If you really believe a multi-billion-dollar corporation is spending $8 million on the No on F campaign because it’s deeply concerned about your privacy rights (read Airbnb’s terms of service – you don’t have any privacy) or cares about your relations with your neighbors, I’ve got a bridge to sell you.
Banning In-Law Units for Short-Term Rentals (ABSOLUTELY)
To answer your questions, yes: Prop F does ban the use of in-law units for short-term rentals. This might be the first true thing that the No on F side has said, and the provision is there for a good reason.
The city spent years working on legislation finally passed in 2014 to legalize an estimated 30,000 to 50,000 in-law housing units, specifically to increase affordable housing opportunities for working families who live in San Francisco, not tourists. It makes no sense to turn around a year later, in the midst of a massive housing crisis, to suddenly use those same units for short-term rentals to visitors. Owners of in-law units would not be harmed because those units are not their primary residences.
But if you don’t believe me, then check out what then-Supervisor Chiu said about in-law units in his own press release.
“As housing costs have skyrocketed and working families are struggling, we must act quickly to address San Francisco’s affordability crisis,” said Board President David Chiu. “That’s why I’m introducing legislation that will create a pathway to legalize tens of thousands of in-law units, which will help tenants live in safe, affordable housing and homeowners have a good, long-term economic investment.” (November 2013; emphasis added)
$8 Million Dollar Fear Campaign
One question I had before this campaign started was whether or not Airbnb would spend more fighting Prop F than the $10 Million PG&E (another benevolent corporation) did in 2008 to fight Prop H, an initiative to create public power in San Francisco. Or whether or not the company would spend more than the real estate industry did last year to fight Prop G, the real estate speculation tax.
See a pattern? Any time citizens try to regulate corporations, they respond by spending millions to stop it. Like any other corporation, Airbnb is fighting fair, reasonable regulations by making the simple idea of regulation seem radical, or dare I say, “extreme.”
Unfortunately, we know from sad experience that big companies lie to protect their profits. Just ask any Volkswagen diesel owner.
I can say pretty safely that in all my years of political involvement that I have never been on the same side of a local issue as Dianne Feinstein. But as a former mayor, she understands what short-term rentals are doing to the city and why it matters so much.
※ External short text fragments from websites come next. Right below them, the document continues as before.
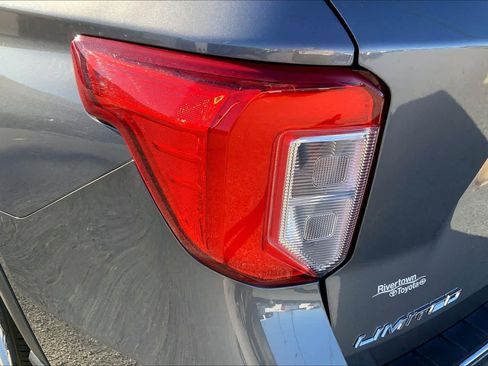 Certified 2021 Ford Explorer Limited w/ Equipment Group 301A image 26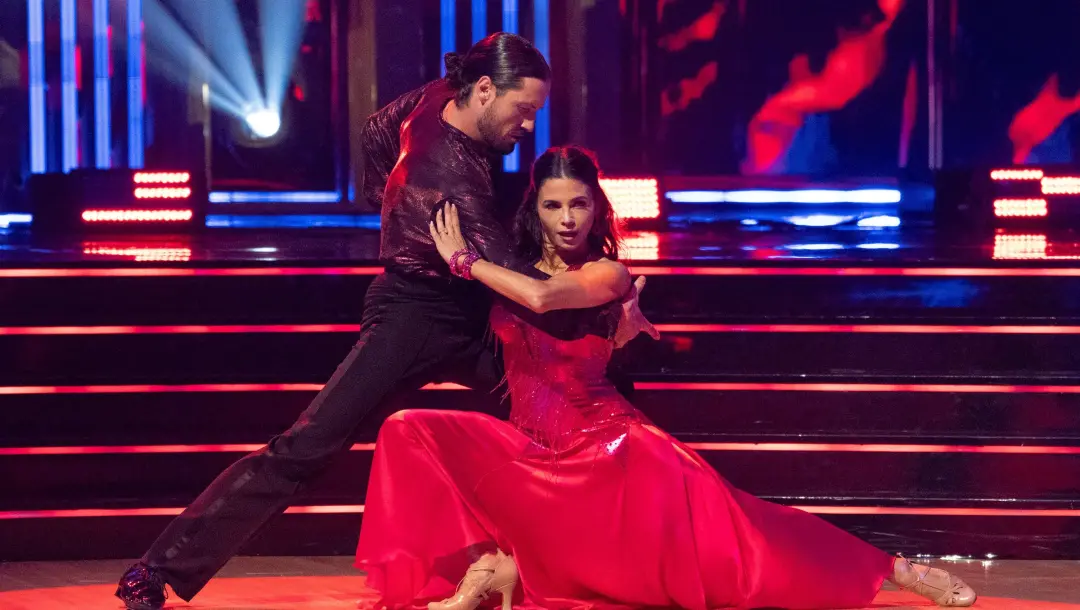 DWTS 2026 traz estrelas competitivas, mas quem leva o Troféu Mirrorball depende do público. Acho que a votação popular …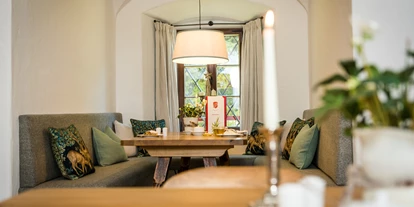 Hundehotel - Dogsitting - Flachau - Sitzecke in der Schlossküche - Hotel Schloss Prielau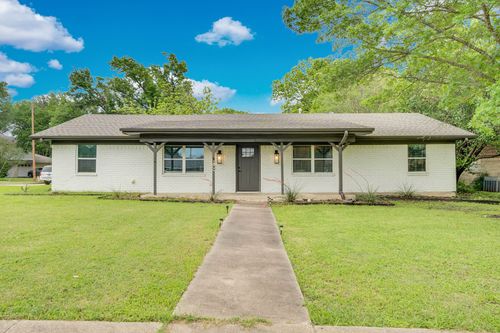 1104 Williamsburg Dr, Ennis, TX, 75119-2117 | Card Image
Other cities like Santa Monica, Berlin, Paris and Barcelona banned Airbnb. Prop F does nothing of the sort — it simply sets fair, reasonable rules for those wishing to rent out an extra room from time to time, or their entire house when on vacation. Prop F holds corporations like Airbnb accountable by limiting ‘hosting platforms’ to listing only units that are properly registered with the City, so the city can enforce the law. It’s not rocket science. We’re just trying to reasonably regulate one of the most vital assets – housing – that the city has in the face of a wealthy tech industry that wants to commodify absolutely everything without regard for who it hurts along the way.
Being held accountable is why Airbnb is spending $8 million against Prop F.